There are other lethality options open as well.
ARTEC managing director Stefan Lischka was reluctant to talk about possible British firepower solutions but pointed out that existing customers had helped the company develop plenty of options.
“The proven and certified solutions for the UK to choose from for the [mechanized infantry vehicle] in order to de-risk and keep pace are increasing as we have a growing basket of various configurations gained out of the cooperation with other nations operating Boxer,” said Lischka.
“Be it firepower or recovery capabilities already contracted, or be it a broad spectrum of mature prototypes for artillery or bridge-laying, Boxer [has an answer],” he said.
The German company have several cannon and missile options available in manned or unmanned turret configurations that could interest the British.
Australia, with whom the British have close defense ties, is nearing verification of the design of a manned turret with a 30 mm cannon installed on a Boxer combat reconnaissance vehicle variant as part of its Land 400 Phase 2 program.
A second export customer, Lithuania, has a combination of missile and 30mm cannon on its Boxer variant, known as the Vilkas.
The MoD has no current plans to do so but it might even be possible, albeit risky politically , to fit the CTAI cannon to Boxer.

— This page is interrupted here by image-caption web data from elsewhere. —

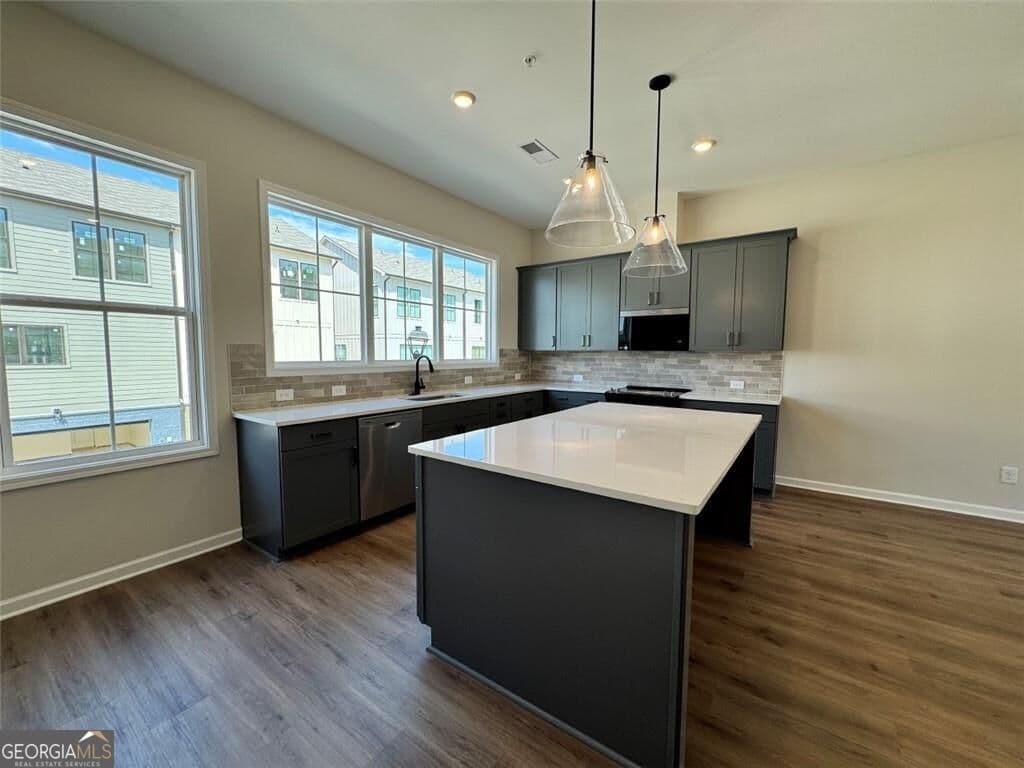 3 bedroom, 3 bathroom townhouse for sale at 444 Argosy Park Circle #18, Alpharetta, GA 30022 — photo 3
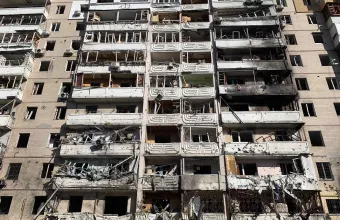Το φως της ημέρας αποκαλύπτει τον όλεθρο: Συγκλονίζουν οι εικόνες από το κατεστραμμένο Κίεβο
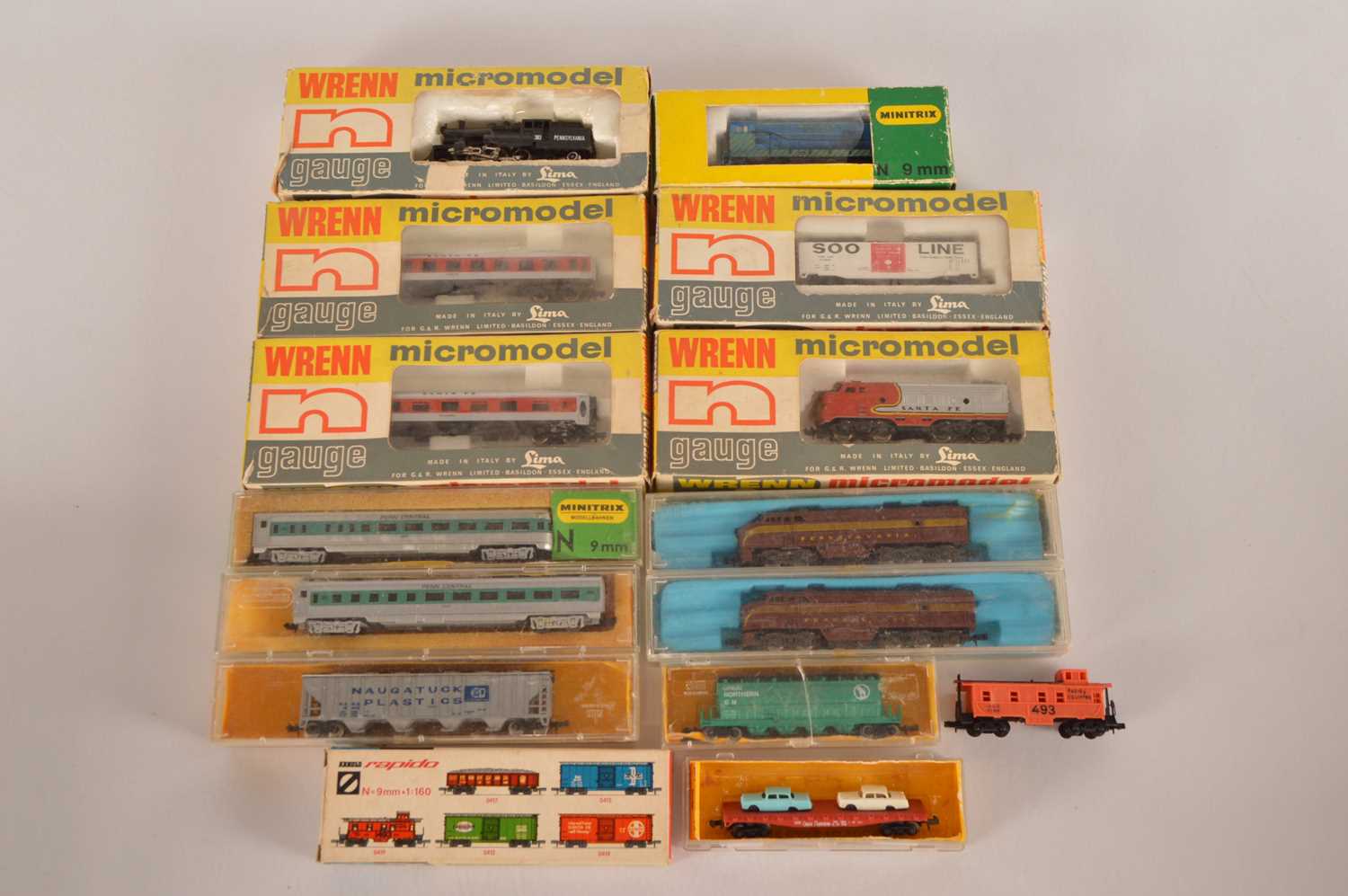 Lot 52 - American N gauge Locomotives and Rolling Stock (14)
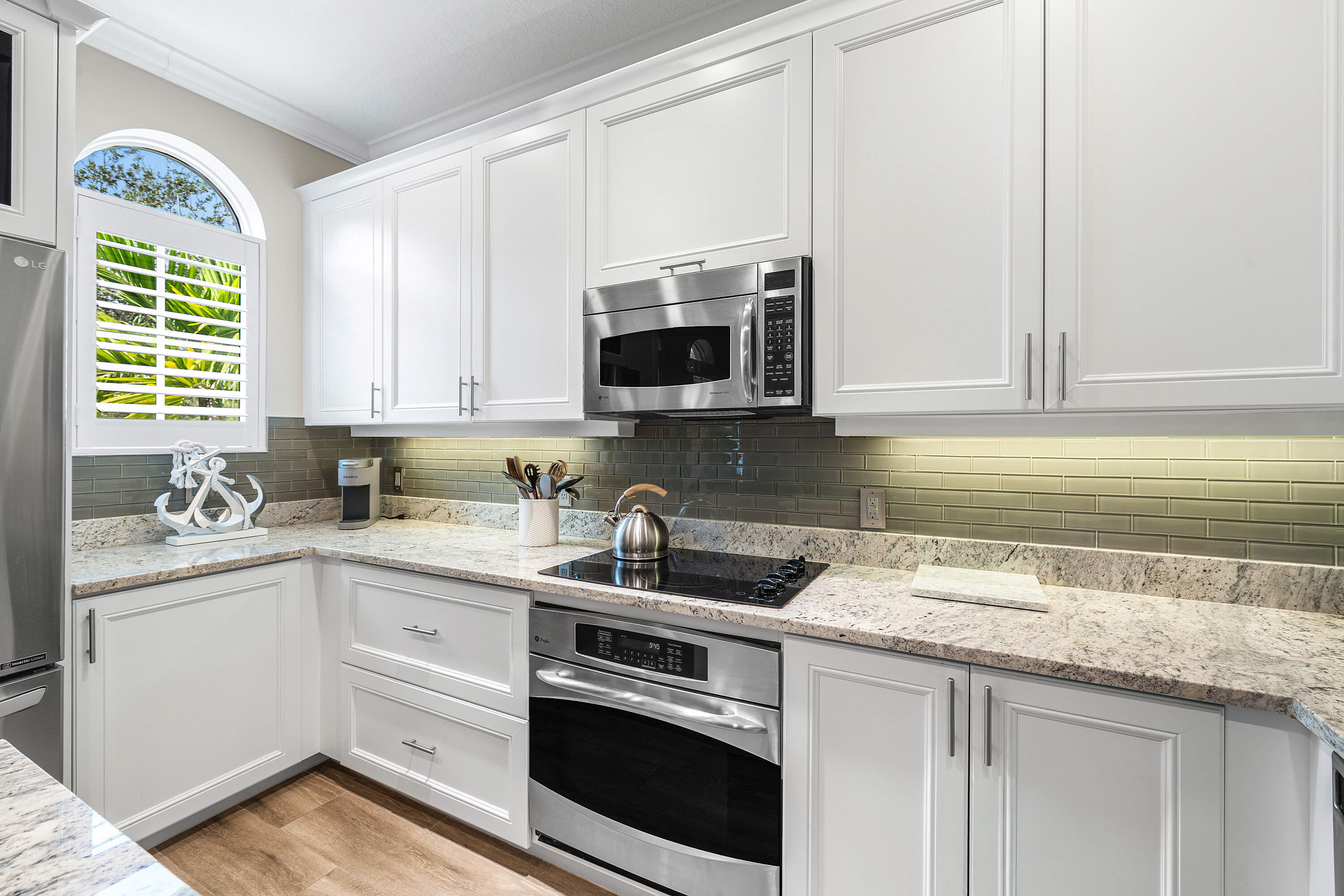 813 Estancia, Boynton Beach FL 33435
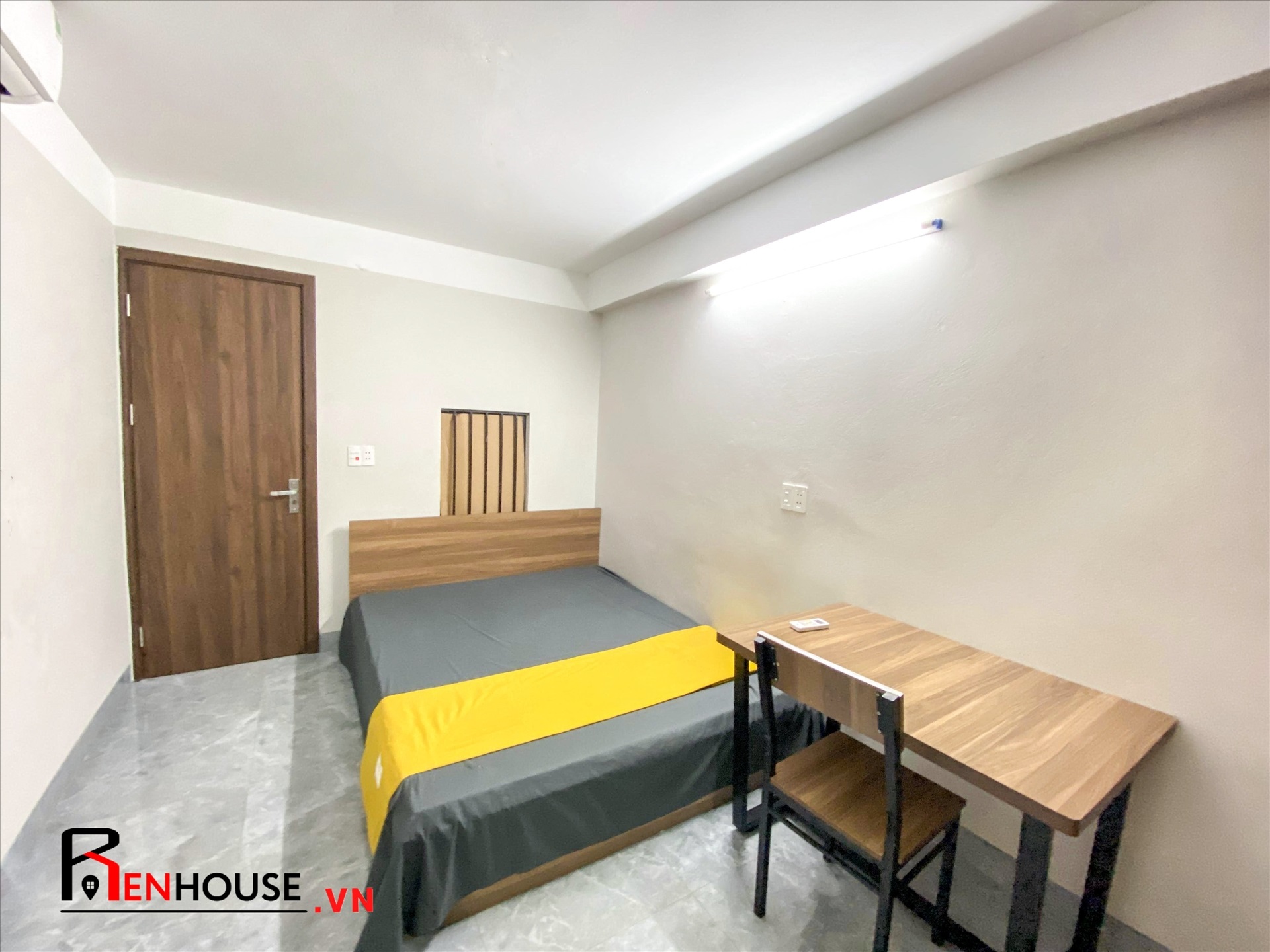 Phòng trọ Studio 28m2 tại RenHouse 3 Trần Thái Tông - Cầu Giấy - Phòng ngủ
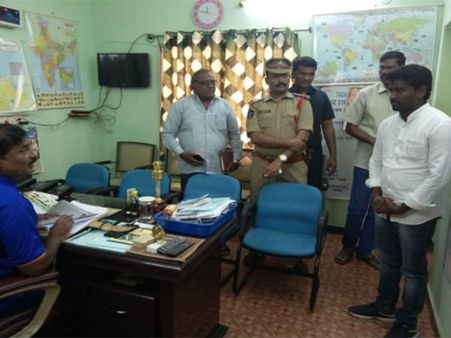 అమ్మ‌ ను కాపాడుకోవ‌డం కోసమే...ఎర్రచందనం స్మగ్లింగ్ చేశాః న‌టుడు హ‌రి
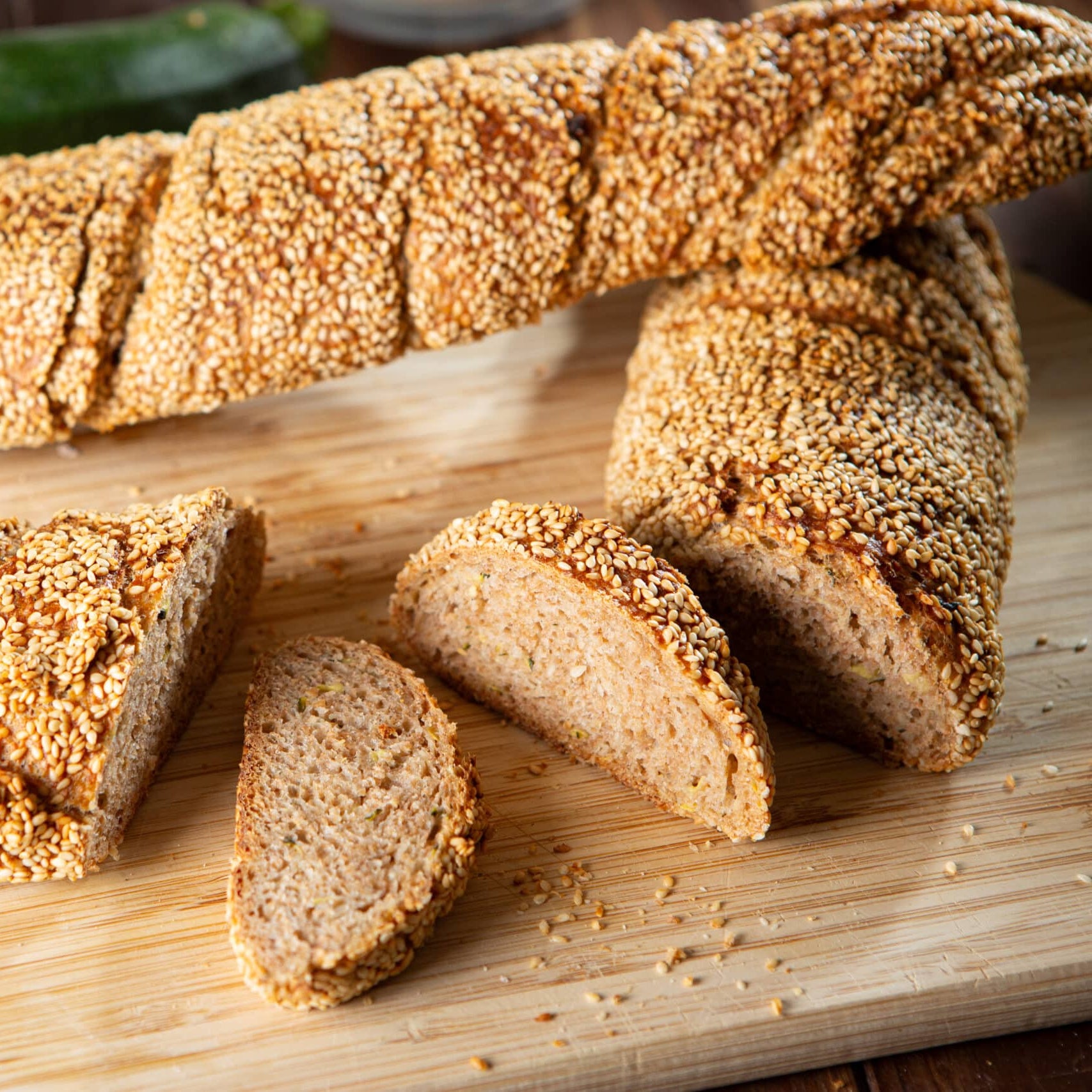 Sesambaguette auf Holzbrett geschnitten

In written evidence late last year to the parliamentary Defence Committee enquiry into progress – or rather more accurately: lack of progress – in delivering the Army’s armored-vehicle program Lockheed showed a picture of a turret fitted with a CTAI cannon on a Boxer platform for a potential export customer.
Some analysts here think that even if the Warrior update program had gone ahead the British would eventually have had to come round to replacing the Boxer’s heavy machine gun with a 30 mm cannon to match potential adversaries.
The British MoD recently signed a deal with Thales UK to locally assemble and integrate 500 Kongsberg Protector RS4 remote weapon stations.
It’s not just lethality the British are taking a look at with Boxer.
The Army is also looking at accelerating the production rate of the vehicle, which currently is slated to involve roughly 50 Boxers a year for ten years – a rate the Defence Committee said was astonishingly slow.
Early vehicles will come off production lines in Germany, but sites in Telford and Stockport in England are set to take over the assembly work as local capabilities grow.
As things stand, the first production vehicles are forecast to enter trials and training in 2023 for an initial operating capability by 2025. There is though work underway to try and speed that up.
The British are now aiming for full operating capability by 2030, bringing this forward from 2032.